Task statement:
Word for word, restate the lines of the data below between those holding "662bet com login" and "Wendy Stuart Presents", inclusive; pictures do not belong in the copy.

[Stored items]
------

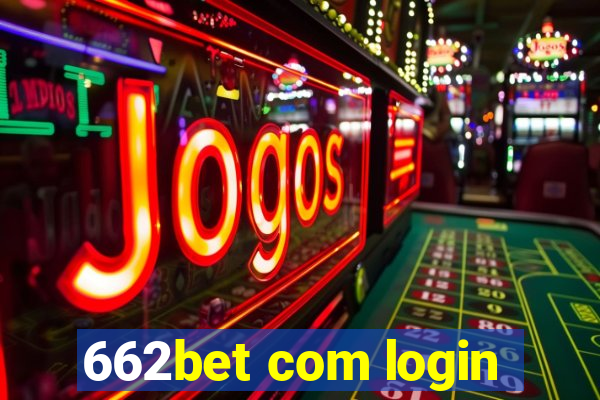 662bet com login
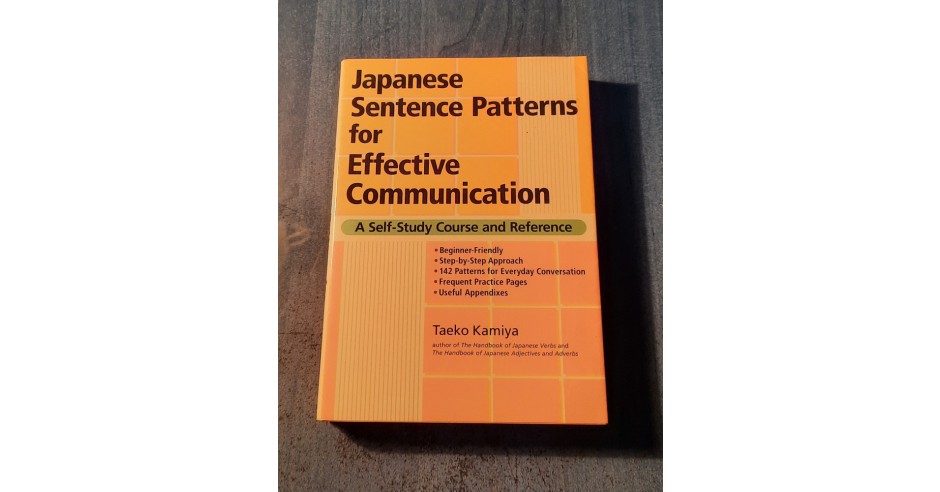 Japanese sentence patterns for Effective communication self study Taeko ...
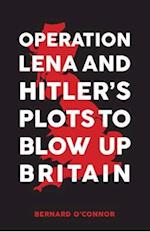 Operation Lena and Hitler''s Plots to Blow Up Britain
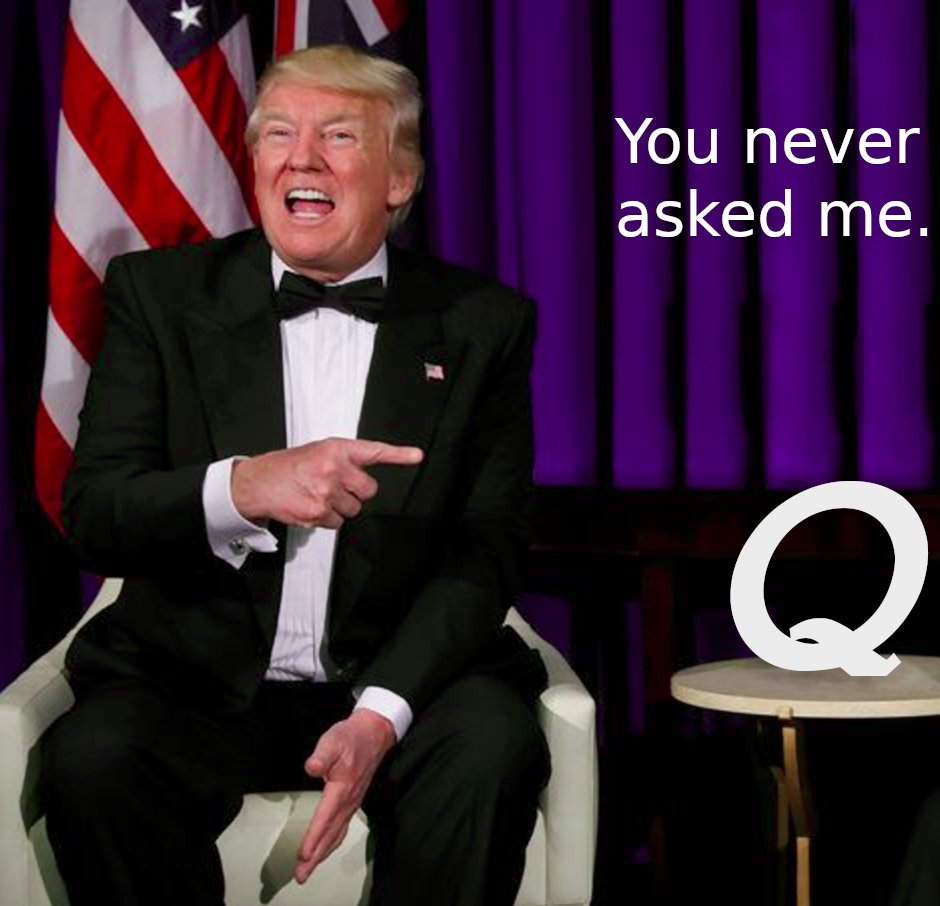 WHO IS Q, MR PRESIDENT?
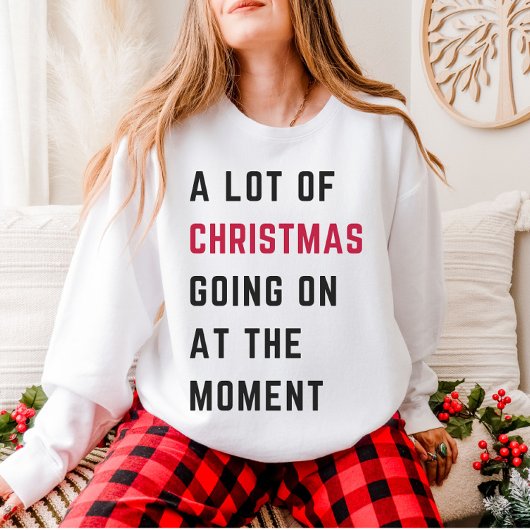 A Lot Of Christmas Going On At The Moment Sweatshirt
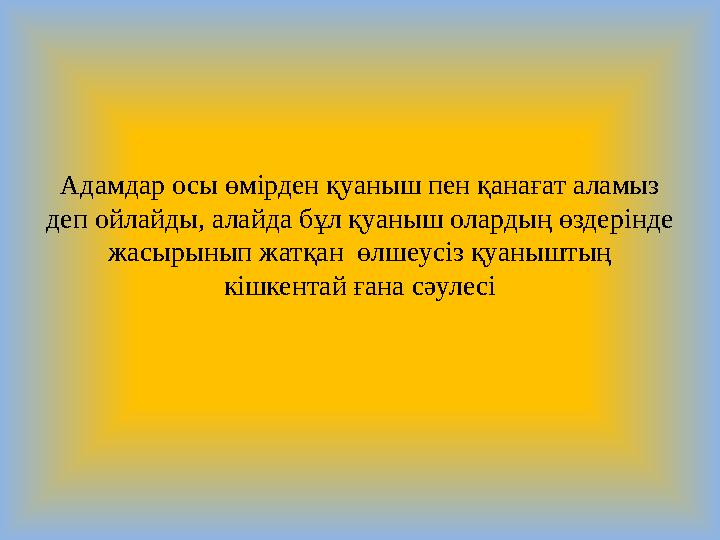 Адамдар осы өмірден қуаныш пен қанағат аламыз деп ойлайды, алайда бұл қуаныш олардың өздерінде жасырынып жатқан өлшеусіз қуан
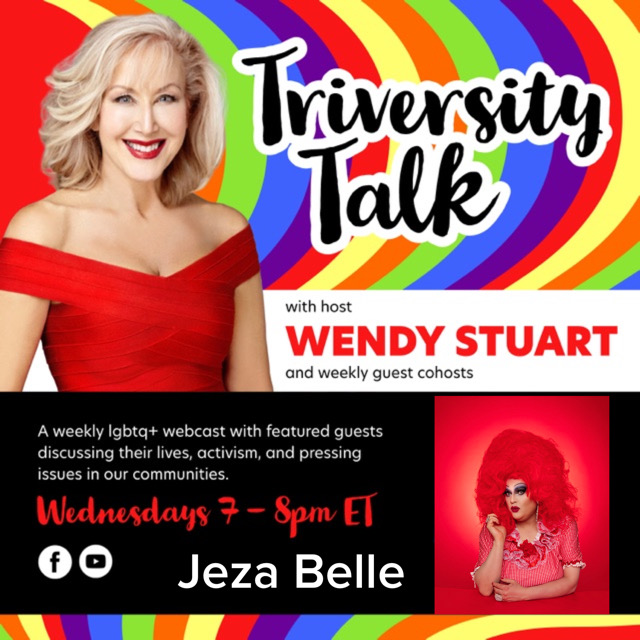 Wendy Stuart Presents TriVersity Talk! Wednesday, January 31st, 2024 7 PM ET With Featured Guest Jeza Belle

------

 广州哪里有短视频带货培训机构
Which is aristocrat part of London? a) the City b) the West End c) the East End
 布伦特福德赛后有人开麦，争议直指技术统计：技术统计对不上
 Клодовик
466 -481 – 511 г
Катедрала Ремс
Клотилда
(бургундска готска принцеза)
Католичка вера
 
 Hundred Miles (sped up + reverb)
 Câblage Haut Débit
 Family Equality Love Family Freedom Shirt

------

Answer box:
 662bet com login
 Japanese sentence patterns for Effective communication self study Taeko ...
 Operation Lena and Hitler''s Plots to Blow Up Britain
 WHO IS Q, MR PRESIDENT?
 A Lot Of Christmas Going On At The Moment Sweatshirt
 Адамдар осы өмірден қуаныш пен қанағат аламыз деп ойлайды, алайда бұл қуаныш олардың өздерінде жасырынып жатқан өлшеусіз қуан
 Wendy Stuart Presents TriVersity Talk! Wednesday, January 31st, 2024 7 PM ET With Featured Guest Jeza Belle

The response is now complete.